Harry looked solemn. "I can sort of understand things better and read really fast. Most of all, I get why things happen from seeing it. It's hard to describe. If I've ever felt something before, and I see something, I'll get some sort of what the Headmaster calls an emotional print. I've gotten hurt before, so I can see that Draco's staff has hurt a lot of people. But things that I haven't done or felt or seen before, they make more sense to me when my eyes aren't activated."
Harry took a heavy breath. "And… I can kind of control people's minds."
"What?" Daphne shouted, her voice a squeak, looking from Neville to Draco. They looked equally horrified.
Harry misunderstood, believing that they were afraid of him controlling them rather than reacting to the social stigma of mind controlling curses and substances. "It's really obvious when I do it, though. You can't not notice."
Daphne groaned. "That's really, really wrong. You can't just… take someone over."
Harry looked confused. "I wouldn't do it to just anyone. There was an assassin in Dumbledore's office today who had me at wandpoint. I told him to get off of me and go for Dumbledore's wand, so he didn't end up hurting me."
"There was an assassin in Dumbledore's office?" Daphne asked, before remembering the stories her mother told about the man. "You know what? Never mind. Carry on."
But Draco looked contemplative. "Can you resist it?"
Harry shrugged. "I've never tried it on anyone who could probably resist it easily. There was this one bobby. Err, muggle auror, that is. I told him to leave me alone and he… kind of nearly walked into traffic."
Daphne gave a giggle that sounded a little bit like breaking sanity and a little bit like concern.
"Try me," Neville said. Draco looked as though the other boy had beaten him to the punch.
Harry stared. "What? No!" he cried out. "It kind of makes you crazy. For a long time."
Daphne's giggling sounded more horrified. "I think you really are a vampire and you're tricking us. Maybe my mom's going to have to kill you after all." Harry wasn't sure if she was completely joking or just half-joking.
Neville set his jaw emphatically. "I don't believe that, Harry. You may be the Boy Who Took a Killing Curse at the age of one, but when I was the same age, I was tortured with the Cruciatus. My mind is strong.
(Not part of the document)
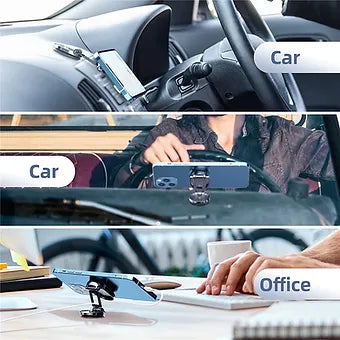Foldable Magnetic Car Phone Holder - Image 10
Do it."
Harry stared at him long and hard, but it seemed as though the reasoning had won over both Daphne, who was too curious for her own good, and Draco, who decided that cowardice was key to continued sanity along the way.
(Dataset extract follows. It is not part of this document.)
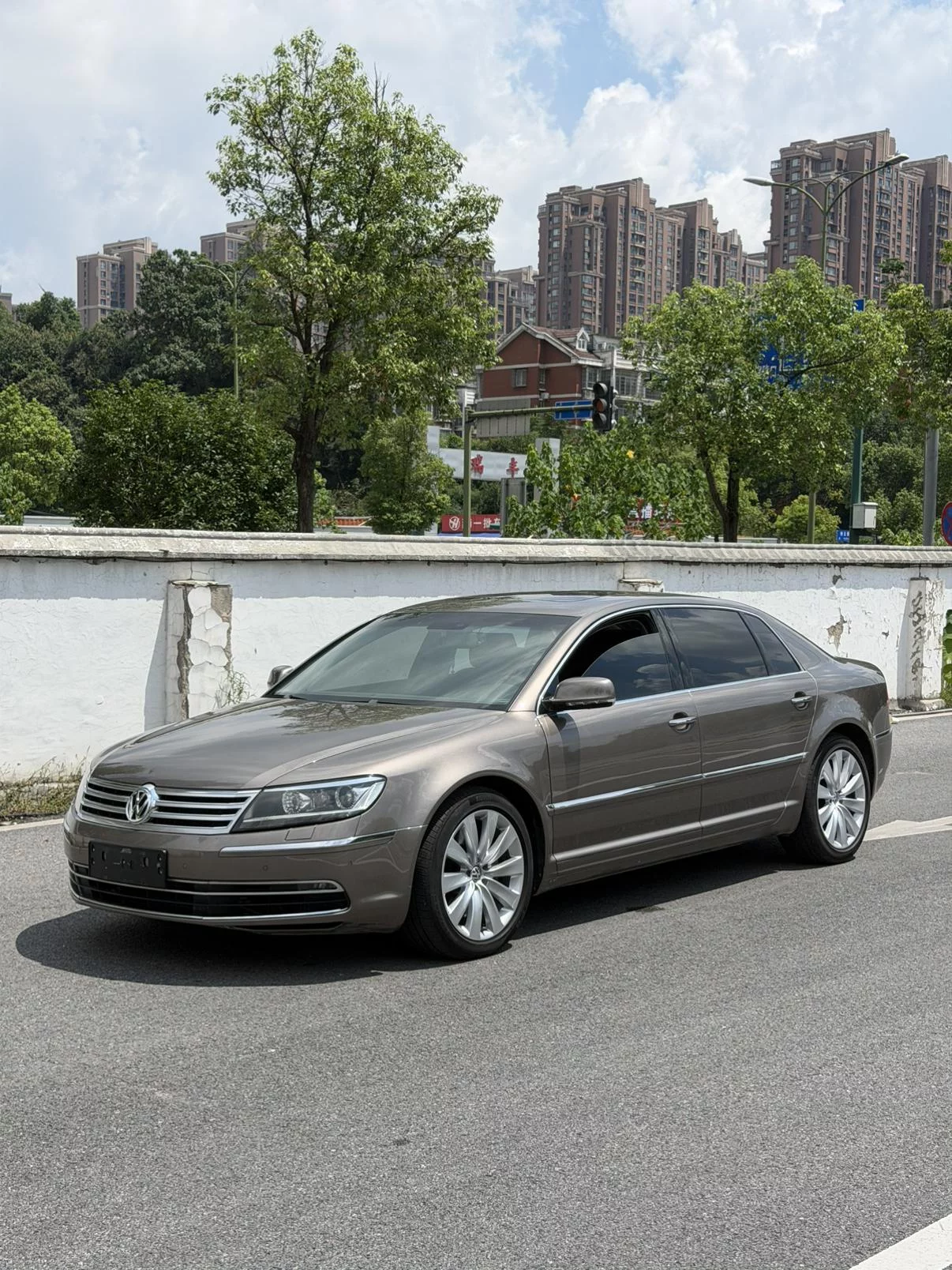 Volkswagen Phaeton / Phideon 2016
"Just a little, then. I'm going to force you to… uh…" Harry grinned, "pick your nose."
This was the first time that anyone had known he had this power, and the first time anyone had actually resisted him.
The strands were immeasurably tighter than even that of the assassin's. The policeman was no comparison even to that.
Neville's finger rose to chest level, then he looked as though he had forgotten something important and put it back down. The hand came up again. He put it down again.
Neville glared at Harry, both of them trying harder and harder.
"Stop it," Daphne said, ever the voice of reason. "Mental strain can hurt you. Whoever wins at this point, it's guaranteed to be ugly for whoever loses."
Harry nodded and eased away he hold on the strands, which felt like metallic wire digging into his consciousness at this point.
Neville let his arms rest slowly. They trembled a little. "That was really strange. It was like I wanted to do something really bad, but I knew I didn't want to do it actually. Some sort of tug-of-war."
Harry nodded. "It is. I see your emotions as strings or something, made of light. I can pull on them and you can pull back."
"If they were strings, they could probably snap," Draco said, certainly not anticipating Harry's wince.
"Yeah. So, uh… the muggle auror. When I told him to leave me alone, I kind of snapped his strands by accident."
"And?" Daphne said, fearing the answer.
"Well, he kept repeating 'nothing to see here,' to everyone who saw him, over and over again. And he did walk-"
"Into traffic."
The four of them were rather silent after that. Harry let the magic fade from his eyes.